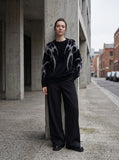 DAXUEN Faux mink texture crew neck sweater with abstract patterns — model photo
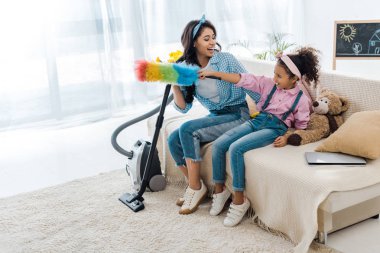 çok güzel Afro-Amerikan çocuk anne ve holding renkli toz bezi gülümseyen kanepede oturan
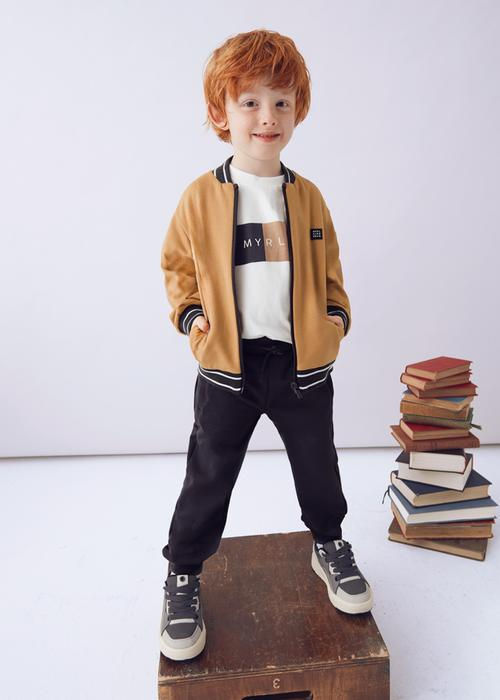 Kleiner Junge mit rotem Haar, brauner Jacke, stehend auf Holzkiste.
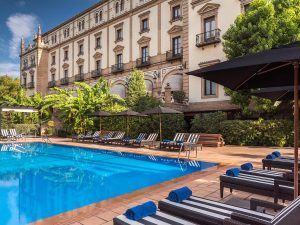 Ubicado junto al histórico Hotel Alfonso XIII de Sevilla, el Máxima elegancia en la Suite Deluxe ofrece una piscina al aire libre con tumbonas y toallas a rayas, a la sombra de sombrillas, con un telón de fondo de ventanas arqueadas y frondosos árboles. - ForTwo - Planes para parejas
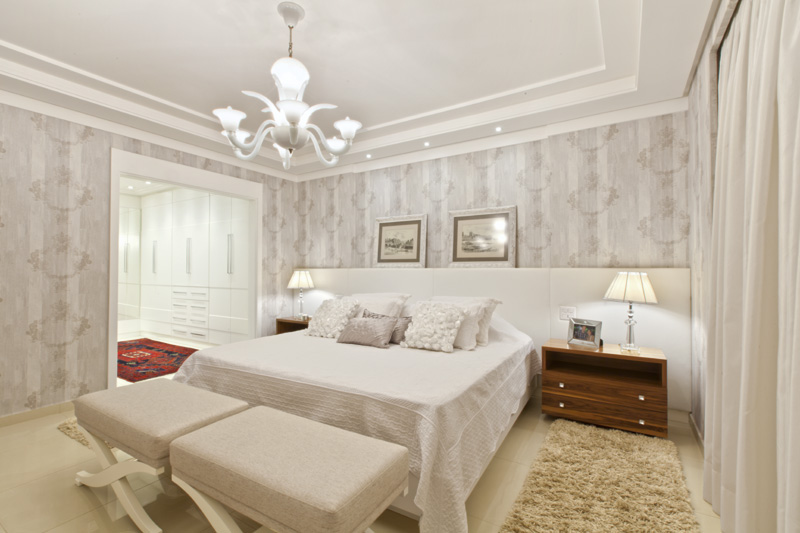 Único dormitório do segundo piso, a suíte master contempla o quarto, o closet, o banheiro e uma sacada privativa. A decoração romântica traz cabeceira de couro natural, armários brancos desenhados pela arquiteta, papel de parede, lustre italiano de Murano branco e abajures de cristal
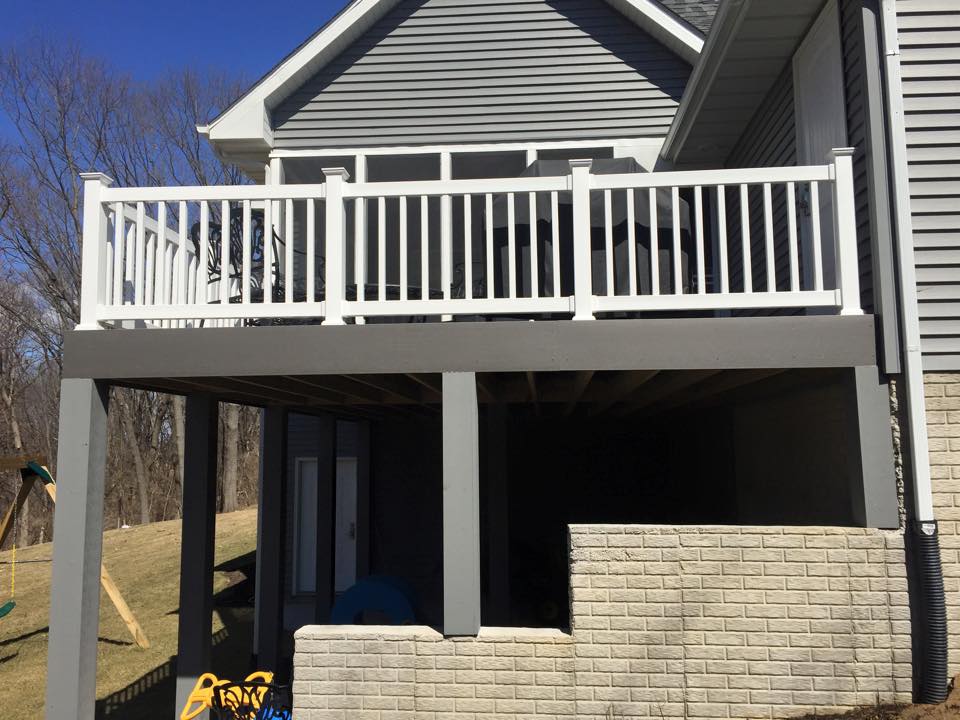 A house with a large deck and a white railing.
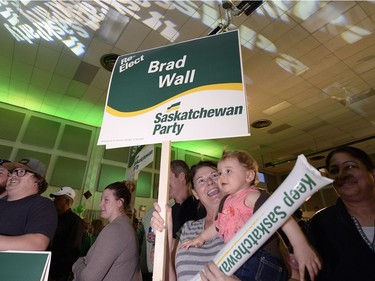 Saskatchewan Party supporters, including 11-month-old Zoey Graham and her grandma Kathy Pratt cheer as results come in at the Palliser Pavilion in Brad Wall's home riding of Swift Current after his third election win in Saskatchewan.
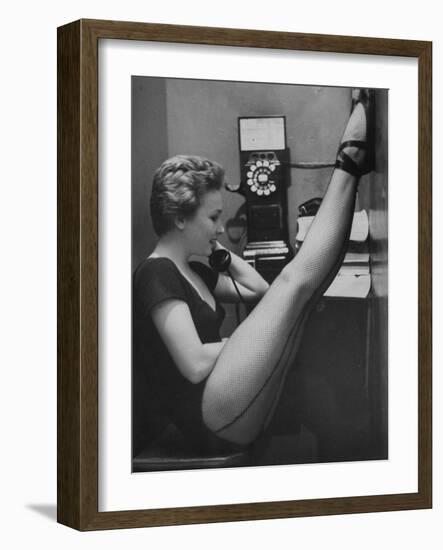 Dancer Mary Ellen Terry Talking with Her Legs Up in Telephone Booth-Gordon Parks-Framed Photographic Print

> [EXERCISE DIRECTIONS]
Copy exactly the lines from the line holding "A house with" to the final line of the listing, and leave the pictures out.

> [WRITTEN RESPONSE]
 A house with a large deck and a white railing.
 Saskatchewan Party supporters, including 11-month-old Zoey Graham and her grandma Kathy Pratt cheer as results come in at the Palliser Pavilion in Brad Wall's home riding of Swift Current after his third election win in Saskatchewan.
 Dancer Mary Ellen Terry Talking with Her Legs Up in Telephone Booth-Gordon Parks-Framed Photographic Print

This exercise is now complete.